Onlineshopping direkt aus der Fabrik

„Shoppen wie ein Millionär“: Mit diesem Slogan bewirbt die chinesische Plattform Temu ihren Onlineshop. Bekleidung oder Elektrogeräte gibt es dort zu Schnäppchenpreisen, und damit das Geschäftsmodell funktioniert, schlägt das Unternehmen einen neuen Weg ein: Es sendet seine Waren direkt aus der Fabrik in China an die Endverbraucher und spart so Kosten. Heimische Unternehmen können bei den Billigpreisen nicht mithalten und warnen vor Sicherheitsrisiken, berichtete zuletzt das ZIB Magazin.

Mode oder Haushaltswaren um ein paar Euro oder ein Smartphone-Ladegerät, das deutlich günstiger als das Markenprodukt ist, dank dieser Angebote wächst Temu rasant. Seit nicht einmal einem Jahr ist das chinesische Onlineshoppingportal in Europa aktiv und wird bei Kundinnen und Kunden immer beliebter, auch durch Hilfe von Influencerinnen und Influencern, die auf Social-Media-Plattformen regelmäßig in Videos zeigen, wie sie ihre Temu-Bestellung voller Freude auspacken.

Hinter den günstigen Preisen steckt ein Plan, das Modell des Onlineshoppings zu revolutionieren: „Ich kann als Endkunde tatsächlich mit der Fabrik in China kommunizieren und kaufe über diese Plattform direkt in der Fabrik ohne Zwischenhändler, ohne Zwischenlager, ohne Extrakosten ein“, erklärt der E-Commerce-Experte Alexander Graf gegenüber dem ZIB Magazin.

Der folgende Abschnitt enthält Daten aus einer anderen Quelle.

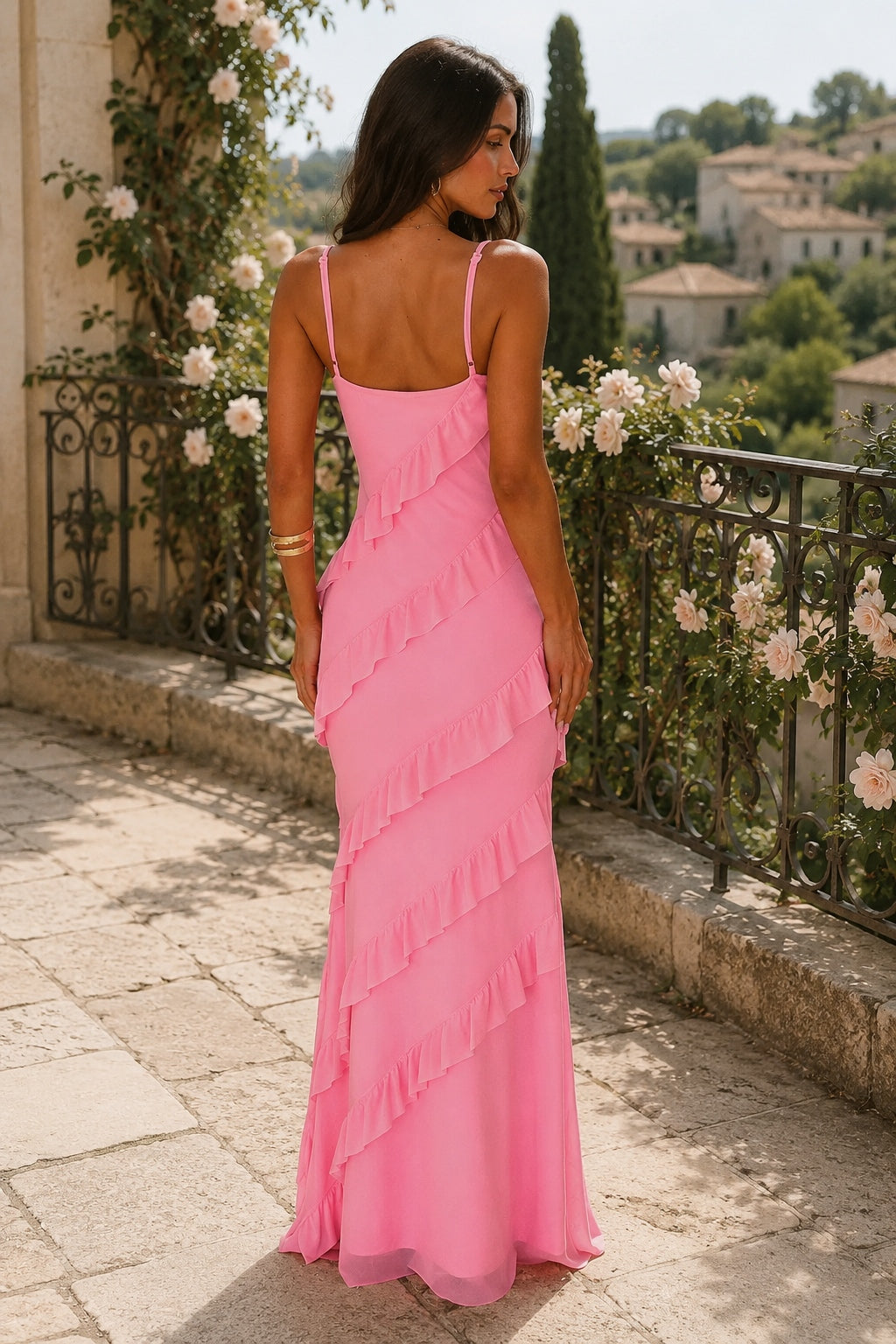 V Neck Open Back Side Split Wave Slim Slip Dress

Für ihn steht fest, dass diese Innovation in der Handelskette zu enormen Einsparungen führt. Ein Grund für die günstigen Preise, die Temu anbietet.

Kein Zoll auf „Sendungen mit geringem Wert“

Auch beim Thema Zollgebühren hat Temu einen Weg gefunden. Bestellungen werden so aufgeteilt, dass Pakete mit Artikel unter einem Wert von 150 Euro auf die Reise nach Europa gehen. Der Weltpostvertrag regelt, dass diese „Sendungen mit geringem Wert“ vom Zoll befreit sind. Ein Umstand, den Temu für sich nutzt. Zudem wird die Kundschaft mit Gratisversand zum Kaufen animiert. Auch die österreichische Post ist zuletzt eine Kooperation beim Versand mit dem chinesischen Unternehmen eingegangen.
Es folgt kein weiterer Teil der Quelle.